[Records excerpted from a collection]
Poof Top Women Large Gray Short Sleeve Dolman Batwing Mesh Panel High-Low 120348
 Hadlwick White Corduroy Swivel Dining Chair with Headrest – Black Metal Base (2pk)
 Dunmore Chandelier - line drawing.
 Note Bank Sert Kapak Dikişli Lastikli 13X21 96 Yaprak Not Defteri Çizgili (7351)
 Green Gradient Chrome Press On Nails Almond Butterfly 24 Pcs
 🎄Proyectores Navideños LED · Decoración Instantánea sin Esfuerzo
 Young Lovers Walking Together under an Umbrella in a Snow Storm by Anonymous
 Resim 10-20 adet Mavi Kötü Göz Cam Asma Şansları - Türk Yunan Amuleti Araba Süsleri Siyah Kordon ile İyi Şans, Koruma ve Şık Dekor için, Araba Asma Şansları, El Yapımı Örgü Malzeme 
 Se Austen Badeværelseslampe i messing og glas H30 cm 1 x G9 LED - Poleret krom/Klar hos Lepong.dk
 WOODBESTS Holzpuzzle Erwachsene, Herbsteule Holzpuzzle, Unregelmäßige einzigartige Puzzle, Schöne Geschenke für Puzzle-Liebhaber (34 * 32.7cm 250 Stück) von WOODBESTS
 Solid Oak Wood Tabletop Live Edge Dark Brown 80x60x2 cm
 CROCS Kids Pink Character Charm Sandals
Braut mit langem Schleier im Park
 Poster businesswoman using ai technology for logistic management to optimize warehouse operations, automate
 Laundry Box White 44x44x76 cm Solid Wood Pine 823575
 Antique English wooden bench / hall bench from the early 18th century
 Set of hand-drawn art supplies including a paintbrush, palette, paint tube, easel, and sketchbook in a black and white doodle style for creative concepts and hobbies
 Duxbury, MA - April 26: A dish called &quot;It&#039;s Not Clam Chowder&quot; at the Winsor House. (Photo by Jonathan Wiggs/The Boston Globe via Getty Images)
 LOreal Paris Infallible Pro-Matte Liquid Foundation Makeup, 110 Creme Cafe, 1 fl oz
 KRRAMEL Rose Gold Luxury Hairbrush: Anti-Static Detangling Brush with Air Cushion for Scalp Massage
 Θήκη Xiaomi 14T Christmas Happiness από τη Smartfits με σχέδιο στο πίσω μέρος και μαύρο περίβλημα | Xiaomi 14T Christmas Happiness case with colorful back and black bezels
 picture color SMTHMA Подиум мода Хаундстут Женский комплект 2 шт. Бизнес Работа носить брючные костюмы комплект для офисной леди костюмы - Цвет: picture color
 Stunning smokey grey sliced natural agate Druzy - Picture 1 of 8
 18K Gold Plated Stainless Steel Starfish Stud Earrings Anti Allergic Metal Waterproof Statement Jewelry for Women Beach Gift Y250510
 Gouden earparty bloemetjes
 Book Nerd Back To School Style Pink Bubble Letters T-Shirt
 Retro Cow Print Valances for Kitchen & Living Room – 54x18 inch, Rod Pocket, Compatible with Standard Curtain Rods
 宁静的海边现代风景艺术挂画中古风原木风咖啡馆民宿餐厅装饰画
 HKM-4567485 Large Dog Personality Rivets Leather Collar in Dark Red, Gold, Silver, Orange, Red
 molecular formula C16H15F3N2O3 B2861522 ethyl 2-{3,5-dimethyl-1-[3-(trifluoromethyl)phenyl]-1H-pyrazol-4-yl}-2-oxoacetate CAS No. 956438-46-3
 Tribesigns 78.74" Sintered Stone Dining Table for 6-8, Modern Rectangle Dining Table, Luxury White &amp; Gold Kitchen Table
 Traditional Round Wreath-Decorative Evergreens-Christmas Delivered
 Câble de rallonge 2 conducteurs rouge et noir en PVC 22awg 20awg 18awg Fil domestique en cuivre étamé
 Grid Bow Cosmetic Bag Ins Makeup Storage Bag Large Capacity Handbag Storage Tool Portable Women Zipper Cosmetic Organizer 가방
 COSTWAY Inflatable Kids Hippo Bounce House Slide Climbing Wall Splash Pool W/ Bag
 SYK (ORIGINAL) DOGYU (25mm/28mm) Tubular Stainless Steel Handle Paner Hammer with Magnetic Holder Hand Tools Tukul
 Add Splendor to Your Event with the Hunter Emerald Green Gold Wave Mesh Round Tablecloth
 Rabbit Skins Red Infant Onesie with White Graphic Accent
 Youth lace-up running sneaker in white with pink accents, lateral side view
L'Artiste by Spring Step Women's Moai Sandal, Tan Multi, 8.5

• TRY IT
Using the records above, copy all lines that include the word "Metal".

• WRITTEN REPLY
 Hadlwick White Corduroy Swivel Dining Chair with Headrest – Black Metal Base (2pk)
 18K Gold Plated Stainless Steel Starfish Stud Earrings Anti Allergic Metal Waterproof Statement Jewelry for Women Beach Gift Y250510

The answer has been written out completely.